Prediction of PCR amplification from primer and template sequences using recurrent neural network

Latest Research

PCR is one of the basic technologies commonly utilized for genetic as well as pathogen-detection testing25,26. Because of its declining cost, determining the base sequence of DNA or RNA subjected to PCR has now considerably increased27,28,29. Furthermore, the development of applied technologies such as real-time and droplet PCRs and the application range of PCR has been expanded even further30,31,32,33. When PCR is used to detect pathogens, specific detection is required. Moreover, such consideration for specific detection can be affected by some base sequence contaminants in processed samples. It is expected that such cases will likely increase if not rectified.

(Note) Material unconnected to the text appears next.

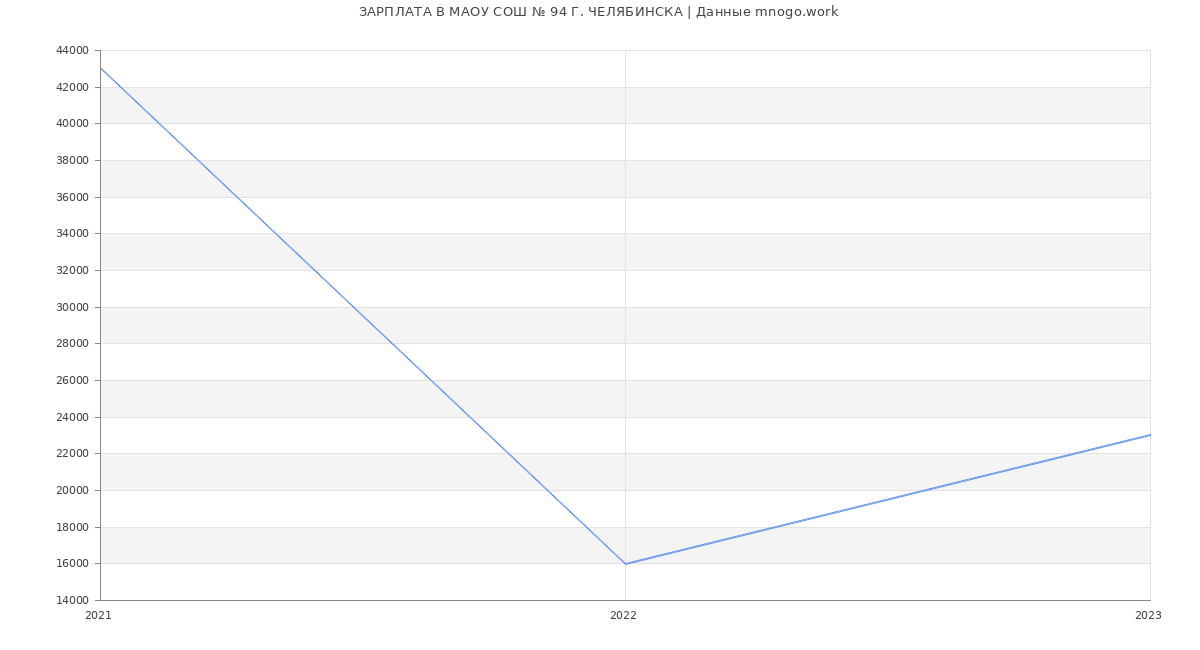 Статистика зарплат МАОУ СОШ № 94 Г. ЧЕЛЯБИНСКА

One of the strengths of PCR is that once a DNA is known, a highly sensitive test or method34 can be developed. This can be applied to various test targets over a very short period. It means that a highly sensitive detection becomes possible in a shorter time compared with developing an immunological test or technique. The only disadvantage of PCR method is, when there is a similar sequence between them, there is always a possibility that non-specific bands may be generated35. This can happen as in the case of distinguishing bacteria by targeting a specific molecule that is contained only in ribosomal RNA. In this instance, it is difficult to design primers that enable specific detection because 16s ribosomal RNAs can have similar base sequences with each other36,37,38,39. Thus, a test is required in the presence of a similar nucleotide sequence such as when a specific pathogen is found in a sample in which many other species are mixed.

Major parts of PCR primer design technologies were almost completed in the 1990s40. The primer design technique is based on the stability of the hydrogen bond between the primer and the template based on the nucleotide sequence, and the PCR experiments conducted while examining its stability. Its hydrogen bond stability can be predicted by the free energy calculated from enthalpy, entropy, and absolute temperature41. Early basic experiments42 have proven that one base at 3′ greatly affects the PCR reaction, and primers are designed based on 3′ several bases. Software for verifying the easiness of primer application and for designing primers by extracting the susceptible base sequence from the target base sequence was also developed5,6,43. This primer design software, especially the Primer3, has a very large tracking record. Primers designed with Primer3 can amplify target DNA with an accuracy of 80% to 90%. However, even if the conventional primer design algorithm can design the primer that is most likely to cause PCR in the target template, it does not predict the amplification in the template DNA other than the intended one present in the sample. In our preliminary experiment, several Primer3-designed primer pairs amplify all 16sRNA templates regardless of the target DNA on the design of primers. Therefore, for a design of a primer pair that amplifies only the target template with the existence of similar sequences, it is necessary to consider a method different from the previous optimum design.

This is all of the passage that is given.